■ Task objective ■
Please retype the listing exactly as it appears, skipping each picture.

■ Collected data ■
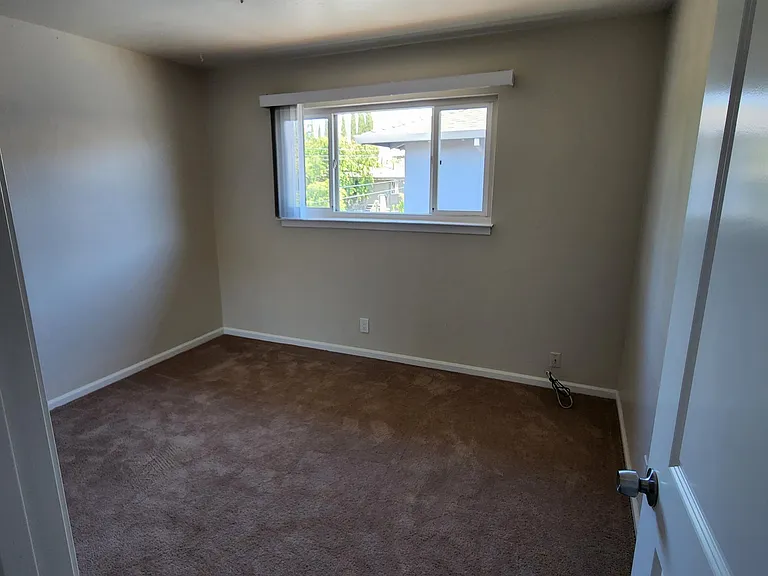 1235 Cortez Dr #7 — Photo 5
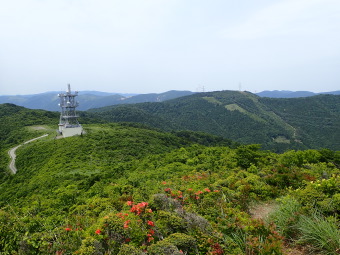 無線中継局横から赤坂山方面
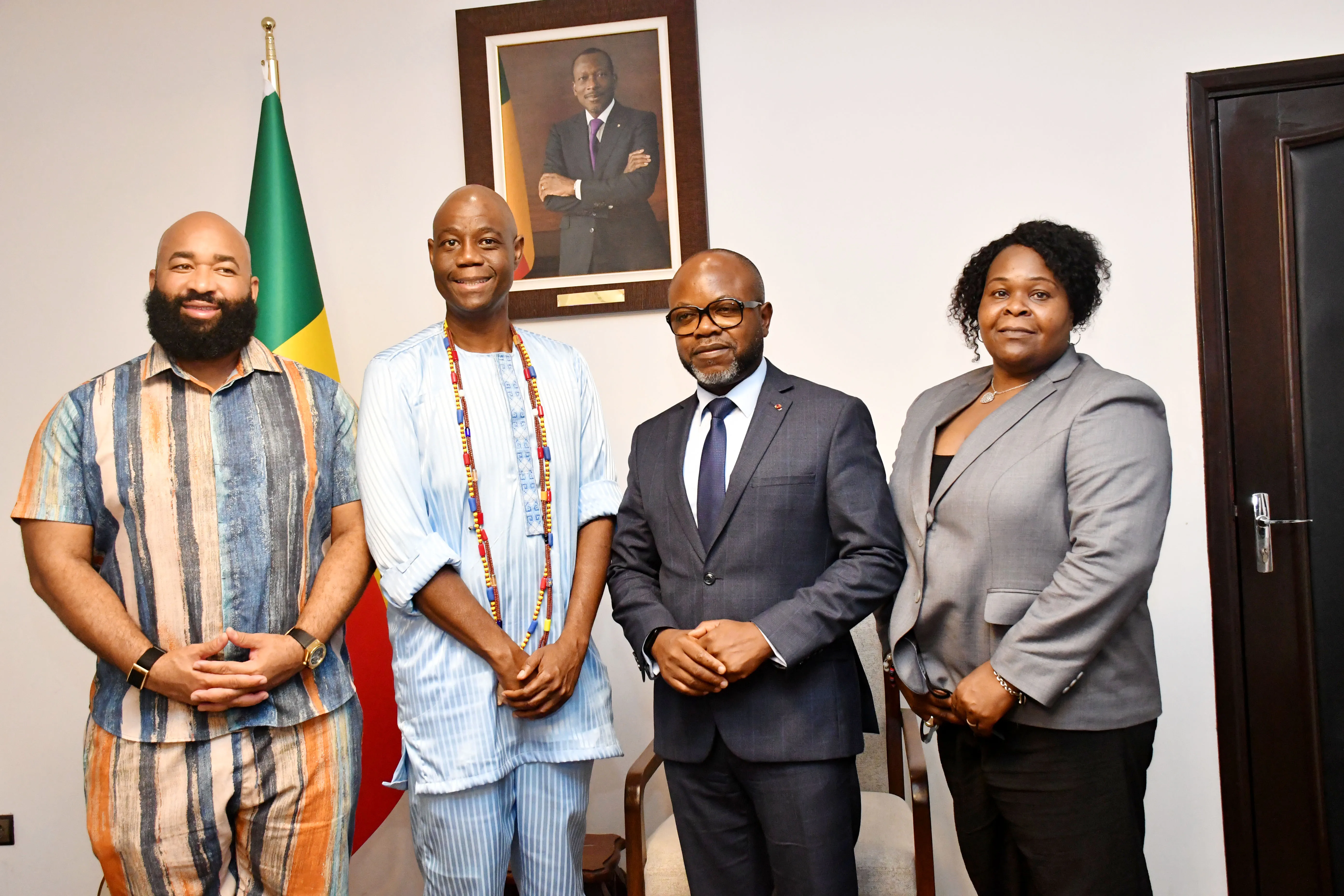 La délégation conduite par Dr Alix Desulme reçue par Conrad Gbaguidi (2e  rang de la droite vers la gauche)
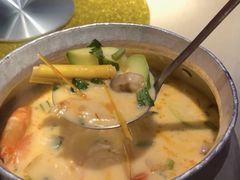 -大头虾越式风味餐厅(光明广场店)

■ Exercise answer ■
 1235 Cortez Dr #7 — Photo 5
 無線中継局横から赤坂山方面
 La délégation conduite par Dr Alix Desulme reçue par Conrad Gbaguidi (2e  rang de la droite vers la gauche)
 -大头虾越式风味餐厅(光明广场店)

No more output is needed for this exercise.